Il en va de la concurrence en télécoms comme des bébés : ils ne se font pas tout seuls. Et n’arrivent pas par magie (ou par une cigogne) sur votre perron.

Ça fait des années que le gouvernement Trudeau répète vouloir faire diminuer les prix de votre forfait de téléphonie sans fil et de votre forfait internet à la maison, parmi les plus chers du G7.

La meilleure façon de faire diminuer les prix : hausser la concurrence au sein de cet oligopole dominé par le Big 3 (Bell, Telus, Rogers). Si les prix sont plus bas au Québec, ce n’est pas grâce à nos beaux yeux, mais à la présence d’un quatrième acteur, Vidéotron.

Depuis une semaine, le gouvernement Trudeau propose de moderniser le cadre réglementaire pour que le Conseil de la radiodiffusion et des télécommunications canadiennes (CRTC) favorise une plus grande concurrence en télécoms. Traduction : le fédéral a choisi son camp, celui de la concurrence accrue et des prix plus bas pour les consommateurs.

C’est très bien. On ne peut pas être contre la vertu.

Sauf qu’en même temps, le gouvernement Trudeau vient de confirmer la jambette qu’il a faite en 2020 aux fournisseurs indépendants d’accès internet. En 2019, le Conseil de la radiodiffusion et des télécommunications canadiennes (CRTC) avait décidé de réduire de façon significative les tarifs payés par les fournisseurs indépendants au Big 3 et à Vidéotron pour utiliser leurs réseaux. On parle de baisses substantielles, jusqu’à 75 % (par exemple, le tarif d’accès pour le réseau de Vidéotron aurait été de 14,30 $ plutôt que 53,15 $ par mois par utilisateur).

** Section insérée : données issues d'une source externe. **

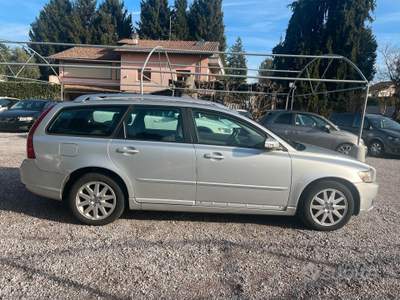 Volvo V50 D cat Kinetic usata Bulgarograsso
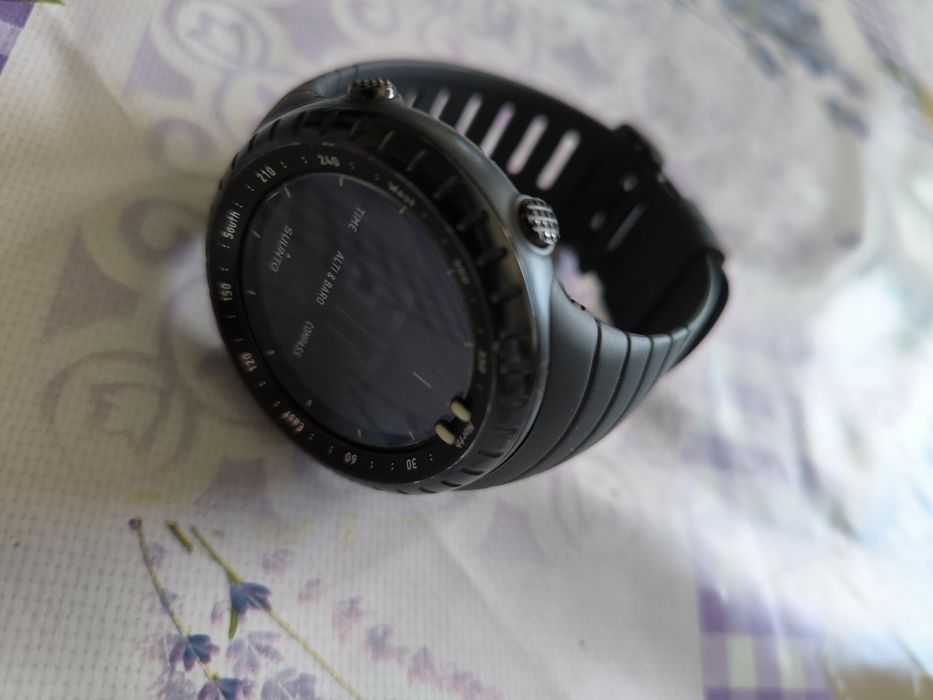 Продавам мъжки часовник Suunto Core All Black Vector!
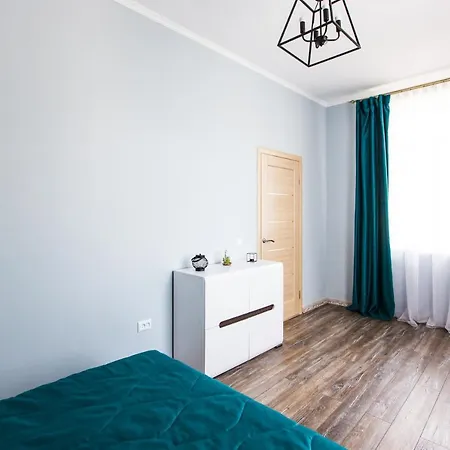 Apartamento 1 Bedroom Near Elizabeth's The Cathedral Leópolis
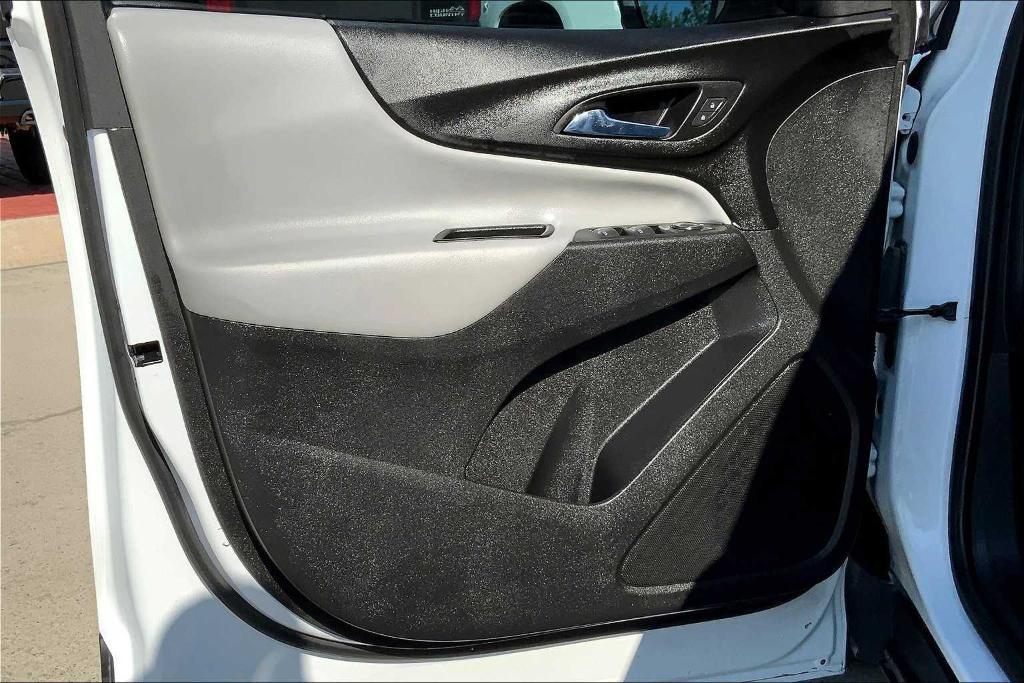 used 2022 Chevrolet Equinox car, priced at $15,354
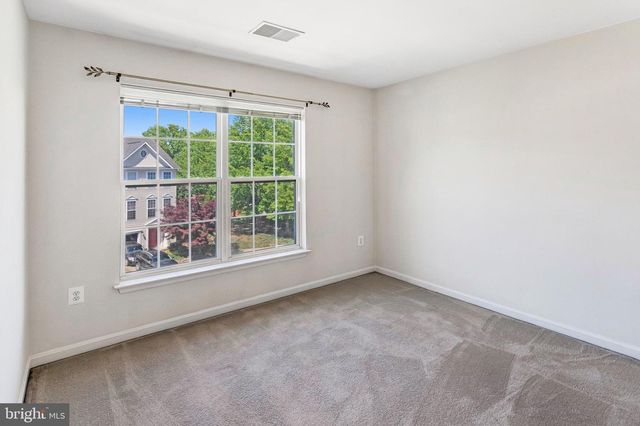 3003 FRANKFURT CT, Woodbridge, VA 22191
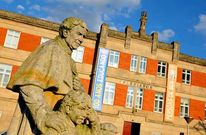 El conflicto afecta a las listas de admitidos en Salesianos en el curso acad�mico 2001-2002.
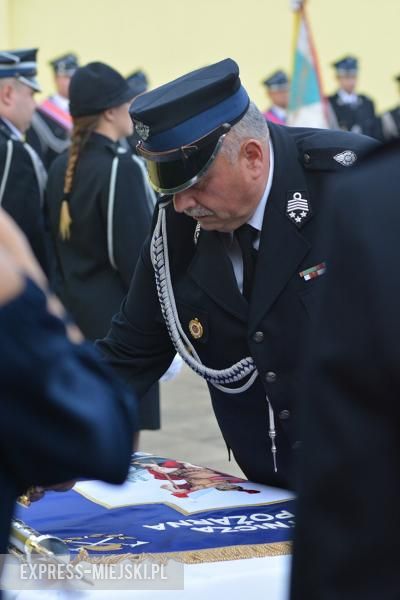 Przekazanie sztandaru strażakom z OSP Głoska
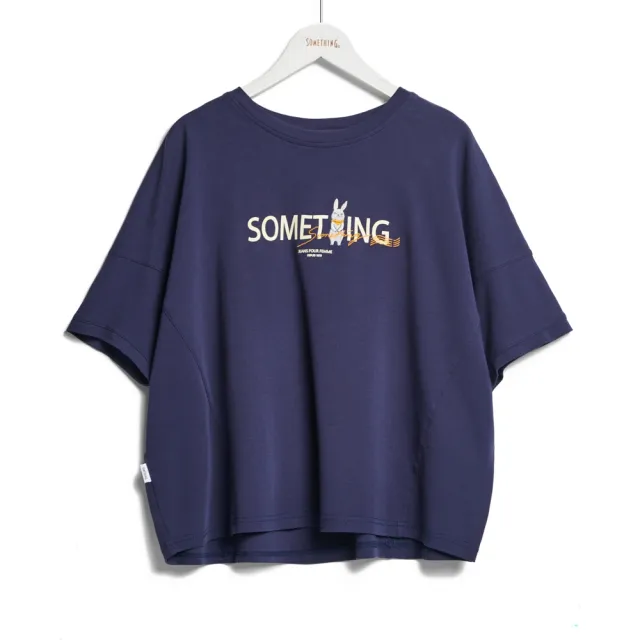 【SOMETHING】女裝 郵戳兔寬短版短袖T恤(丈青色)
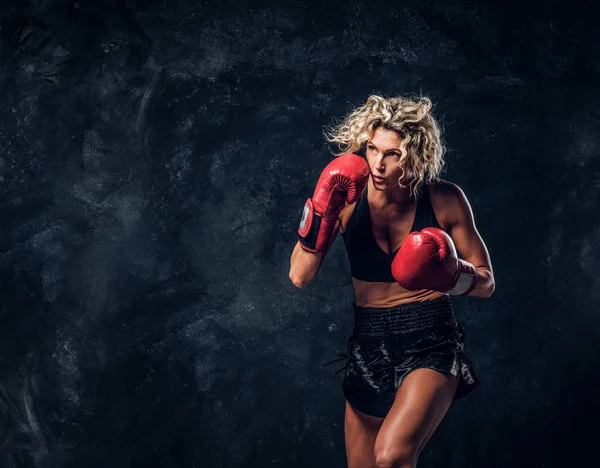 Retrato de boxeadora profesional en acción —  Fotos de Stock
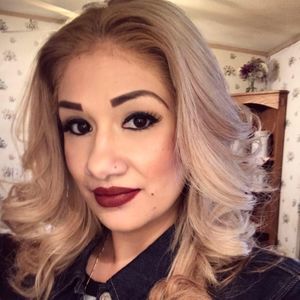 Meet your Posher, Lily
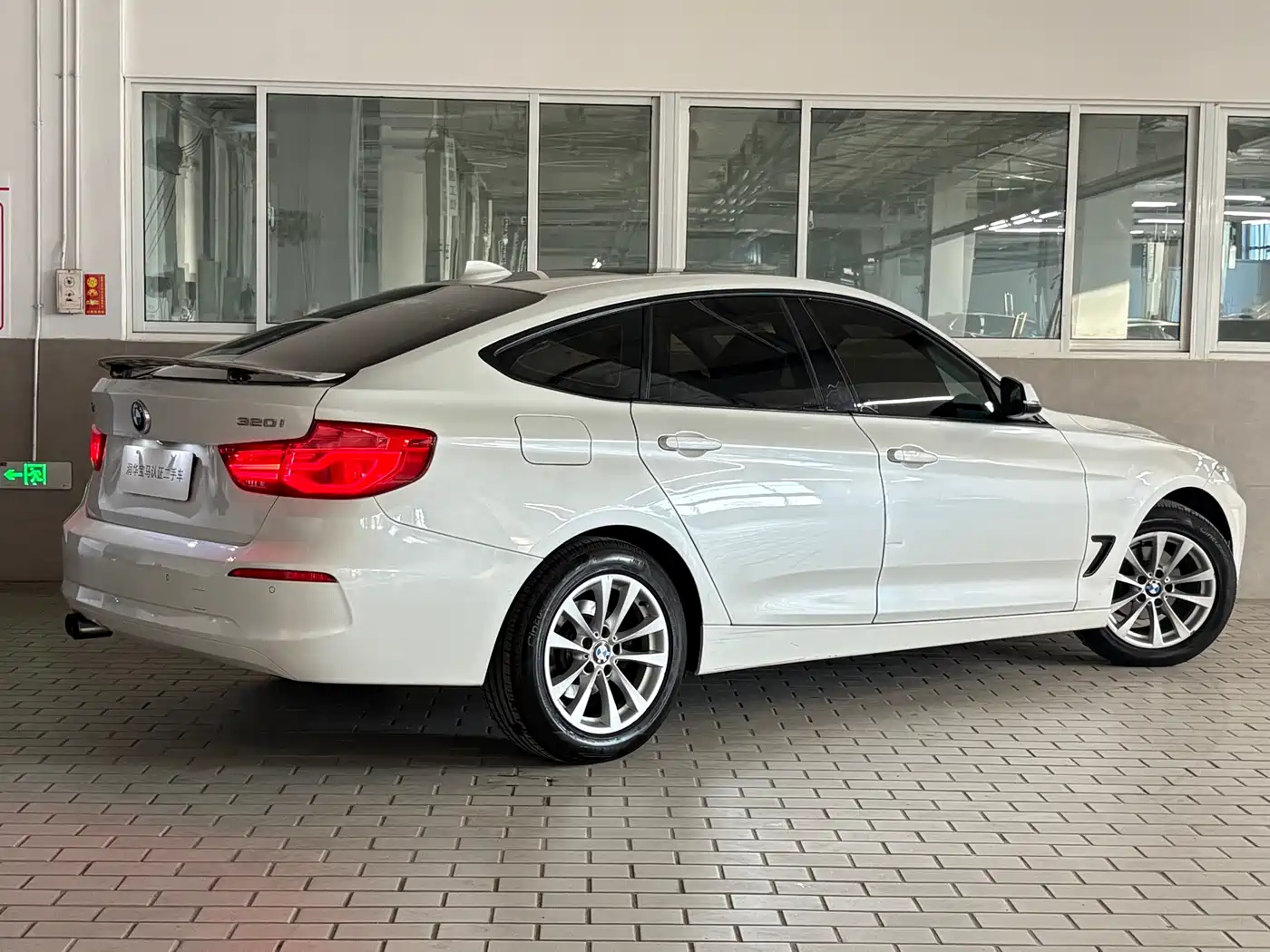 BMW 3 Series GT 2016 320i Fashion Style фото 13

Mais le Big 3 et Vidéotron ont protesté auprès du gouvernement Trudeau, qui a plié et fortement suggéré (traduction : forcé) au CRTC de revenir aux principes des anciens tarifs, beaucoup plus élevés. Ce qu’a fait le CRTC dans une nouvelle décision en 2021. Résultat : les coûts des fournisseurs indépendants pour l’accès aux réseaux ont augmenté (par rapport à la décision de 2019). Ce qui a poussé le plus grand fournisseur indépendant au Québec, Ebox, à jeter l’éponge en se vendant à Bell. Pas de quoi augmenter la concurrence…

Pour hausser la concurrence en téléphonie sans fil, le CRTC forcera bientôt les propriétaires de réseaux sans-fil (le Big 3 et Vidéotron) à louer leurs réseaux, mais seulement à des concurrents ayant aussi des réseaux sans fil. Ça n’amènera pas un maximum de nouveaux acteurs, mais ça permettra sans doute à un acteur régional (par exemple Vidéotron au Québec) d’offrir des services partout au pays. Et, si on rêve un peu, de créer le quatrième acteur national tant espéré depuis des décennies.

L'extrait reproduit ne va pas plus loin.